YOUR INSTRUCTIONS —
The lines below that include "Front" are to be found and copied.

RECORDS SUPPLIED —
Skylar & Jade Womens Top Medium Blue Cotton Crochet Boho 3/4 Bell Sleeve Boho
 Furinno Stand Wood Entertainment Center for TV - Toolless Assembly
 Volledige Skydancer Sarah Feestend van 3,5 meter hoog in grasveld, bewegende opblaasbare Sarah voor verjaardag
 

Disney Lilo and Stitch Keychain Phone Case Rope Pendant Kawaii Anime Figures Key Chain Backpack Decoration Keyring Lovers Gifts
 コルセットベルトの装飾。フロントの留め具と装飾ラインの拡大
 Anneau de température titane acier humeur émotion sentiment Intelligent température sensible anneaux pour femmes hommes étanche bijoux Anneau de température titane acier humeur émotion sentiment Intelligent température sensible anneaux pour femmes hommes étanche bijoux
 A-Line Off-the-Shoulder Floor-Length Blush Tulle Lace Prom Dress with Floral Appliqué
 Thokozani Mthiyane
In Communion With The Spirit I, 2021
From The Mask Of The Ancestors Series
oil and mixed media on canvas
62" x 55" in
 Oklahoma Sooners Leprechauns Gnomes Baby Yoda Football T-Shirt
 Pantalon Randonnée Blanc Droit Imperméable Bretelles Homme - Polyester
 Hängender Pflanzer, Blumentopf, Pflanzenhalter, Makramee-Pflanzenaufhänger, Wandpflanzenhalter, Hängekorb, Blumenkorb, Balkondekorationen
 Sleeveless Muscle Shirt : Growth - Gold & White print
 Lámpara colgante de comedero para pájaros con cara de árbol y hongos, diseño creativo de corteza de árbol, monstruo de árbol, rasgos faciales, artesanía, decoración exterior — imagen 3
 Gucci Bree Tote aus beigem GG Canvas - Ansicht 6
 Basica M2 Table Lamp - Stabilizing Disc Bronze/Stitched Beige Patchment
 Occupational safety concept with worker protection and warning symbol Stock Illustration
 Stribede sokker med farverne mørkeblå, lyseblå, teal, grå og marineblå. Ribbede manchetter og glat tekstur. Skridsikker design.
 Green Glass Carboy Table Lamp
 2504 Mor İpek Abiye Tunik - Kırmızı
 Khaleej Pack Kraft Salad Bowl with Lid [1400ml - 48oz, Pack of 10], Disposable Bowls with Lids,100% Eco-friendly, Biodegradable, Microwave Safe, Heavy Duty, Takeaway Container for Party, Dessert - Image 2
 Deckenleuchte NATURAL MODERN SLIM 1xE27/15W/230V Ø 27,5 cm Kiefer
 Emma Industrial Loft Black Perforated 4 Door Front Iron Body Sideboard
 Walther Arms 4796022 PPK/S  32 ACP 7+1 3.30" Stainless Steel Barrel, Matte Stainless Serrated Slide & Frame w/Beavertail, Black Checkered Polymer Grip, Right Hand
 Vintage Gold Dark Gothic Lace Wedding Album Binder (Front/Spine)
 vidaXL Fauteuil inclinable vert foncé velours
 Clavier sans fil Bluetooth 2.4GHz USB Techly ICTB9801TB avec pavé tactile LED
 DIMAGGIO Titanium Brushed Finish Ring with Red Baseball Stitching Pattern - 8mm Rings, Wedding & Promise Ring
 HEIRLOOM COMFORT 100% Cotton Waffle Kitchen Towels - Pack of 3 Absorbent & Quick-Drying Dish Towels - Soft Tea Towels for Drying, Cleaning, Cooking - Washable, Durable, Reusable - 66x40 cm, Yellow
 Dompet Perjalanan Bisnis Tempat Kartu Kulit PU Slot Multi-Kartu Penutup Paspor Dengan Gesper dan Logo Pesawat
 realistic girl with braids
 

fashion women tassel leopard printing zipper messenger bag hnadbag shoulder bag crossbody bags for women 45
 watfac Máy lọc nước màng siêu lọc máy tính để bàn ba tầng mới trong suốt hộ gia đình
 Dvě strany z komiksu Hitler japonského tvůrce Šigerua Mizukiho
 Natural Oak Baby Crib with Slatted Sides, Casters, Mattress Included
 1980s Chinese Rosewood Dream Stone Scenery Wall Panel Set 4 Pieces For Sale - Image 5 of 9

OUTPUT BELOW —
 Emma Industrial Loft Black Perforated 4 Door Front Iron Body Sideboard
 Vintage Gold Dark Gothic Lace Wedding Album Binder (Front/Spine)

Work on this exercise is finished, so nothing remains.